Брезгливость, как и всякое высокомерие вообще, мешает расчету и хитрости. Надутые болваны в комедиях классицизма всегда бывают обмануты каким-нибудь ловким и обаятельным прохвостом, гордо марширующие, как на параде, армии великих полководцев гибнут от коварных ударов исподтишка, нанесенных более слабым противником, не чурающимся военной хитрости. Черт побери! Удача любит талантливых ловкачей, играющих не по правилам, а не жирных отцов семейств. Ты разыграл первосортный литературный гамбит, и некоторые писатели из тех, что сейчас кусают локти, нарвавшись на эпиграмму-другую, в свое время могли бы быть менее наивными и не покупаться на послушание и ученичество. Многие, многие читают твой белый томик, словно идут по минному полю — авось пронесет. Ба-бах — не пронесло.

Ох вы, торговцы от литературы! Пишете положительную рецензию только на того, кто сочинит такую же о вас.

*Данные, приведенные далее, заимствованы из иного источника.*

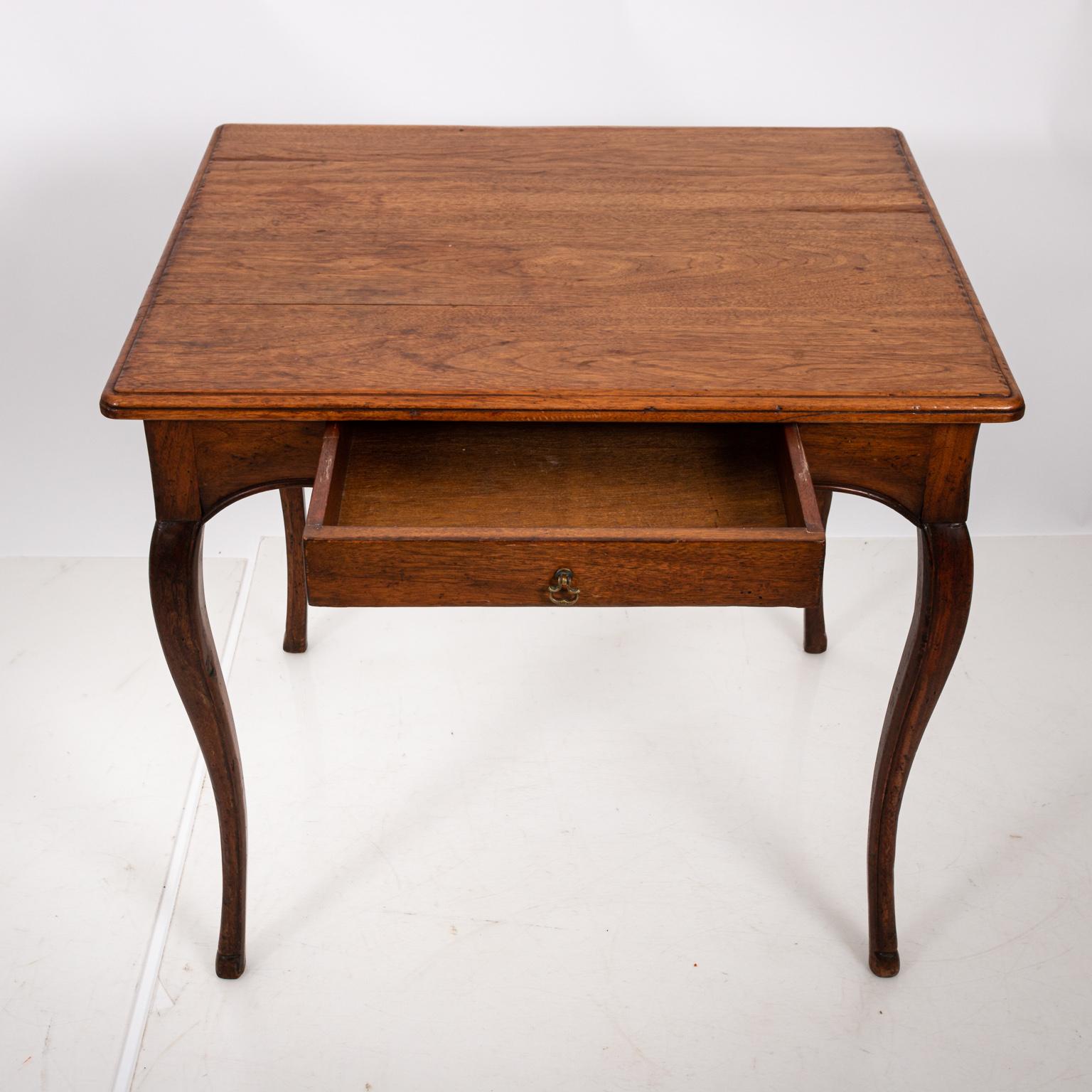 Early 20th Century French Fruitwood Table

Упоминаете друг друга исключительно по расчету, на тех же взаимных основаниях. Печатаете взамен на публикацию. Полезно дружите, с выгодой приятельствуете, дорожите стерильной репутацией, делаете свою скромную карьерку а-ля Брюсов, а знаете, почему ничего не вышло? Почему лопнули все ваши страховки и уже летите всей бездарной камарильей в тартарары примечаний и забвения, потянув, как скалолазы, за собой один другого, и тщетны все старания и даже на воспоминания и письма надежды нет никакой? А потому, что в ваших сочинениях ни на грош величия замысла, которое отмывает любой позор, а один только бюрократический зуд, надежда на две строчки в литературной энциклопедии. Поздно корячиться, господа, все теперь в дураках.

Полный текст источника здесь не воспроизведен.